O meu último texto superou todas as expectativas que tive quando o publiquei aqui. Estava longe de imaginar que o mesmo iria gerar mais visualizações num só dia do que o blog alguma vez tivera nos 6 anos da sua dedicada e insistente existência. É certo que o tema era e é quente, recente, contundente, e que não deixa (quase) ninguém indiferente, mas daí a ser partilhado e comentado por tanta gente… isso, isso é coisa bem diferente. Mas vamos por partes. O Rogério Esteves e a Cândida Pinto (dois nomes que devem ser referidos com orgulho, reverência e solenidade) já regressaram a Portugal. E a coisa não lhes correu nada mal. Estiveram lá durante mais de duas semanas a queimar os olhos e as pestanas, a ver coisas desumanas, espantados com as atrocidades cometidas, com as palavras proferidas, com as horas perdidas, com as crianças desnutridas, com a quantidade inquantificável de gente de vistas perdidas, de olhares vazios, de lágrimas no rosto, aninhados, amedrontados e com fome e frio. (Mas estes “sacanas” merecem. Ou pensavam que era só vir aqui invadir a Europa e encontrar um mar de facilidades?)
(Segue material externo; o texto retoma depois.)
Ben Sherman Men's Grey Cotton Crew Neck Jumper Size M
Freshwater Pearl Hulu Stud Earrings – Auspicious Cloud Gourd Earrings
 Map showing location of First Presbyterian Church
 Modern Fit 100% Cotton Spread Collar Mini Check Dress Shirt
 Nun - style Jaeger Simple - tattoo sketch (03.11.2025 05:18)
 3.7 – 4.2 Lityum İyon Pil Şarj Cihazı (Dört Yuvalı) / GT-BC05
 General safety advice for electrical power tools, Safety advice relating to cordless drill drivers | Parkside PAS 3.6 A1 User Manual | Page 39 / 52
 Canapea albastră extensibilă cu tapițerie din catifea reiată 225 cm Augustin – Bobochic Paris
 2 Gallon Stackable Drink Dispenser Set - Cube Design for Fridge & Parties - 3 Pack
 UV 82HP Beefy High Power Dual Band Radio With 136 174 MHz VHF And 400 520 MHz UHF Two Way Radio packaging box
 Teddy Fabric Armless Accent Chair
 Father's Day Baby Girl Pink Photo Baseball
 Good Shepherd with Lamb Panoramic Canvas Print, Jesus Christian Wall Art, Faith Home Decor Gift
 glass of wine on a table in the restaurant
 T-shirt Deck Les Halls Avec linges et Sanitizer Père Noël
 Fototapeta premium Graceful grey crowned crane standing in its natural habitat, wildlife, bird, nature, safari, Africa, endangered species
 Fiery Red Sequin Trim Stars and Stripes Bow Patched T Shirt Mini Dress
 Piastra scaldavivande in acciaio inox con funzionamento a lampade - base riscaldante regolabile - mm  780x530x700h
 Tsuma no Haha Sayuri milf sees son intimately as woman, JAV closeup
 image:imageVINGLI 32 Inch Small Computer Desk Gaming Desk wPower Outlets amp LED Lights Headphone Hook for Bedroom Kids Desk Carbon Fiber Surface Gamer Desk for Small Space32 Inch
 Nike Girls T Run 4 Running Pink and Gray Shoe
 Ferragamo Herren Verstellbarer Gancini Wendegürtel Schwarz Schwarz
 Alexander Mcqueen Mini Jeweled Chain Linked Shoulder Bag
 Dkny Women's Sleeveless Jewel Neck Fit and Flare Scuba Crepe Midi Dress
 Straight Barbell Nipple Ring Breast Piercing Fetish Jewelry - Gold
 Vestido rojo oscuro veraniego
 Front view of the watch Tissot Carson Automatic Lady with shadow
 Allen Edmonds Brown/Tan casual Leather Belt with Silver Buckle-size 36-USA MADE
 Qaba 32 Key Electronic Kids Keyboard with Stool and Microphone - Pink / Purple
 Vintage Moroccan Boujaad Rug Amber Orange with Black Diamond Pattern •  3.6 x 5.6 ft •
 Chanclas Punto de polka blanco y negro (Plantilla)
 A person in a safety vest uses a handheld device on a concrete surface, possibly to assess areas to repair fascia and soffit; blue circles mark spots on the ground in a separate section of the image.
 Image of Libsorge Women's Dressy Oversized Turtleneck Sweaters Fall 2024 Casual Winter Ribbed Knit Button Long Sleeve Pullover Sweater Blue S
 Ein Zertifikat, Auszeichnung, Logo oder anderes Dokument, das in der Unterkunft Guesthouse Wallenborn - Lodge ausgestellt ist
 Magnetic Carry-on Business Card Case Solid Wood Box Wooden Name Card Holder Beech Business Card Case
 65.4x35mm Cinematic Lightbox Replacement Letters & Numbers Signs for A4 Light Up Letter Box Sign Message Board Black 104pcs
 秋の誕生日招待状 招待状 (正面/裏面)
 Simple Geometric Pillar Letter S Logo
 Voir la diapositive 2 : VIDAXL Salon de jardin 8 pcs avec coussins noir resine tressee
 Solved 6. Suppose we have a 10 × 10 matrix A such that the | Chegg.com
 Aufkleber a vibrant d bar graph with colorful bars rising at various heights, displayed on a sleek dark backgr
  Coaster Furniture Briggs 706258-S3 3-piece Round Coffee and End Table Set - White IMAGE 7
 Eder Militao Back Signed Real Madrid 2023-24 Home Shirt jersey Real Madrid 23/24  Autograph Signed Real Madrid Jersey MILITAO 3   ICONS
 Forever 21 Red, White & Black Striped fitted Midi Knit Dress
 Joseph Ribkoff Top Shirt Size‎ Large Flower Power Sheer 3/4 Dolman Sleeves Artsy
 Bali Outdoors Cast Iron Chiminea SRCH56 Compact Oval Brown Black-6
O Rogério e a Cândida sofreram! Sim. Sofreram. Como sofre qualquer ser humano de boa índole ao ver outro ser humano em sofrimento. Talvez mais ele do que ela. A Cândida Pinto (cujo nome, como já disse e não me canso ou nada importo de repetir, se deve ler com reverência – obrigado novamente António Reis que tanto sabes) já esteve várias vezes em cenários de guerra, reais, por demais, com fogo que não é amigo, bem pelo contrário, olhando bem de perto para a cara feia do perigo, esquecendo-se sempre do seu próprio umbigo.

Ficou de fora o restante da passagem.